A history of spam fighting
The most successful and simple method I found was a server-side system for reducing comment spam by using a handshake method involving timestamps on hidden form fields. The general idea was that a bot would submit a comment more quickly than a human visitor, so if the comment was submitted too soon after the page was loaded, it was rejected. A human caught in this trap would be able to click the Back button on the browser to resubmit. This had proven to be very effective on ardamis.com, cutting the number of spam comments intercepted by Akismet per day to nearly zero. For a long time, the only problem was that it required modifying a core WordPress file, wp-comments-post.php. Each time WordPress was updated, the core file was replaced. If I didn’t then go back and make my modifications again, I would lose the spam protection until I made the changes. As it became easier to update WordPress (via the admin panel) and I updated it more frequently, editing the core file became more of a nuisance.
A huge facepalm
When Google began weighting page load times as part of its ranking algorithm, I implemented the WP Super Cache caching plugin on ardamis.com and configured it to use .htaccess and mod_rewrite to serve cache files. Page load times certainly decreased, but the amount of spam detected by Akismet increased. After a while, I realized that this was because the spam bots were submitting comments from static, cached pages, and the timestamps on those pages, which had been generated server-side with PHP, were already minutes old when the page was requested. The form processing script, which normally rejects comments that are submitted too quickly to be written by a human visitor, happily accepted the timestamps. Even worse, a second function of my anti-spam method also rejected comments that were submitted 10 minutes or more after the page was loaded. Of course, most of the visitors were being served cached pages that were already more than 10 minutes old, so even legitimate comments were being rejected. Using PHP to generate my timestamps obviously was not going to work if I wanted to keep serving cached pages.
JavaScript to the rescue
Generating real-time timestamps on cached pages requires JavaScript. But instead of a reliable server clock setting the timestamp, the time is coming from the visitor’s system, which can’t be trusted to be accurate. Merely changing the comment form to use JavaScript to generate the first timestamp wouldn’t work, because verifying a timestamp generated on the client-side against one generated with a server-side language would be disastrous.
Replacing the PHP-generated timestamps with JavaScript-generated timestamps would require substantial changes to the system.

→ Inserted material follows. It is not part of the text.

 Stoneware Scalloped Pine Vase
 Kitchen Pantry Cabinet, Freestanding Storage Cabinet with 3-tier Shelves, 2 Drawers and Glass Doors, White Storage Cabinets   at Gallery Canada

Traditional client-side form validation using JavaScript happens when the form is submitted. If the validation fails, the form is not submitted, and the visitor typically gets an alert with suggestions on how to make the form acceptable. If the validation passes, the form submission continues without bothering the visitor. To get our two timestamps, we can generate a first timestamp when the page loads and compare it to a second timestamp generated when the form is submitted. If the visitor submits the form too quickly, we can display an alert showing the number of seconds remaining until the form can be successfully submitted. This should hopefully be invisible to most visitors who choose to leave comments, but at the very least, far less irritating than a CAPTCHA system.
It took me two tries to get it right, but I’m going to discuss the less successful method first to point out its flaws.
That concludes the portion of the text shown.